#### [Dataset section]

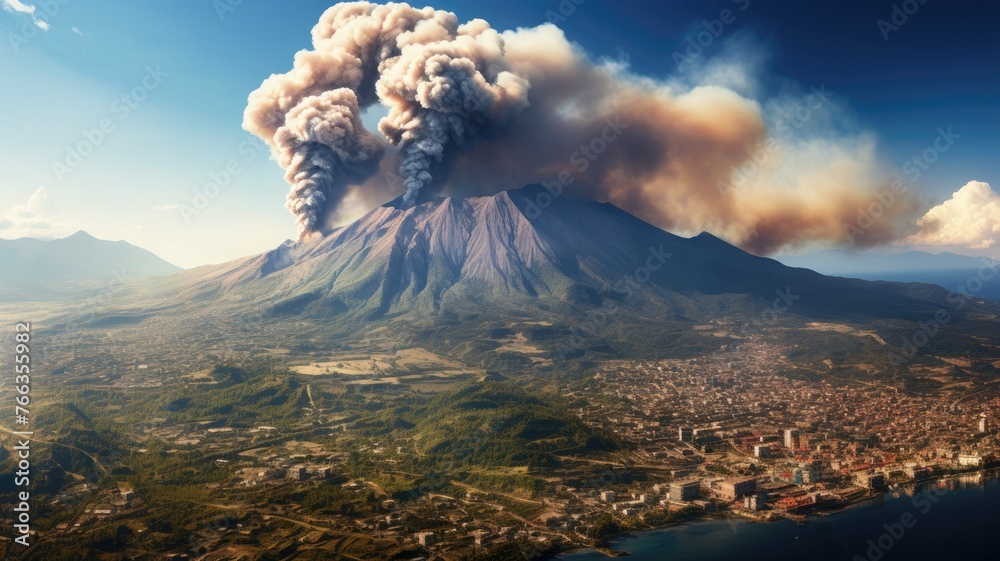 Volcanic eruption overshadowing coastal city - Captivating view of volcanic eruption with imposing smoke and ash clouds over a serene coastal city, highlighting the contrast between calm and chaos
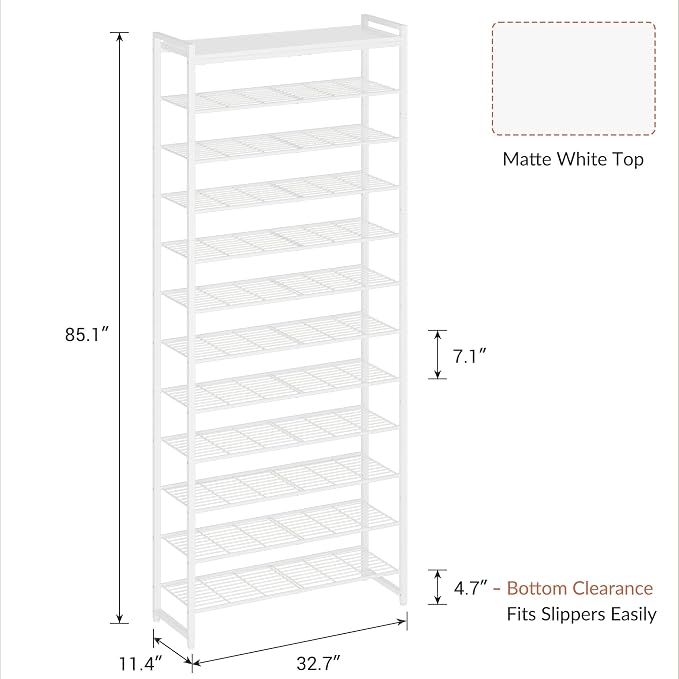 12 Tier Shoe Rack Organizer for 48-60 Pairs, Tall Metal Shoe Storage Shelf with Wood Top, Adjustable Boot Space, Narrow Design for Entryway Closet, White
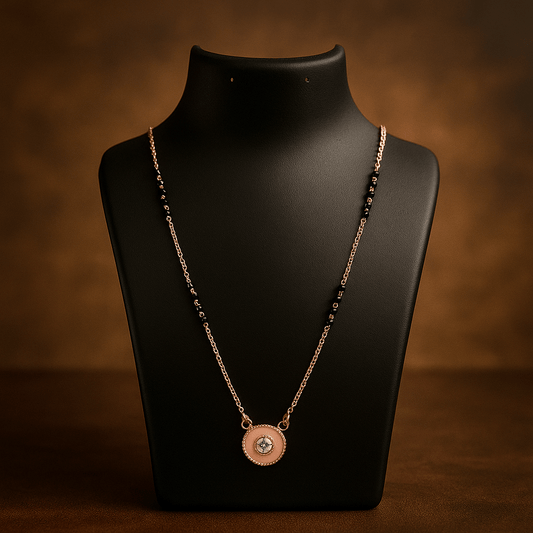 Rose Gold Mangalsutra Necklace with Black Beads & Round CZ Pendant | Fashion Jewelry | Anti - Tarnish - Navya Jewelry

#### [Exercise brief]
Begin with the line that contains "12 Tier Shoe" and repeat every line through the end of the data, exactly and only those lines, leaving out the pictures.

#### [Exercise answer]
 12 Tier Shoe Rack Organizer for 48-60 Pairs, Tall Metal Shoe Storage Shelf with Wood Top, Adjustable Boot Space, Narrow Design for Entryway Closet, White
 Rose Gold Mangalsutra Necklace with Black Beads & Round CZ Pendant | Fashion Jewelry | Anti - Tarnish - Navya Jewelry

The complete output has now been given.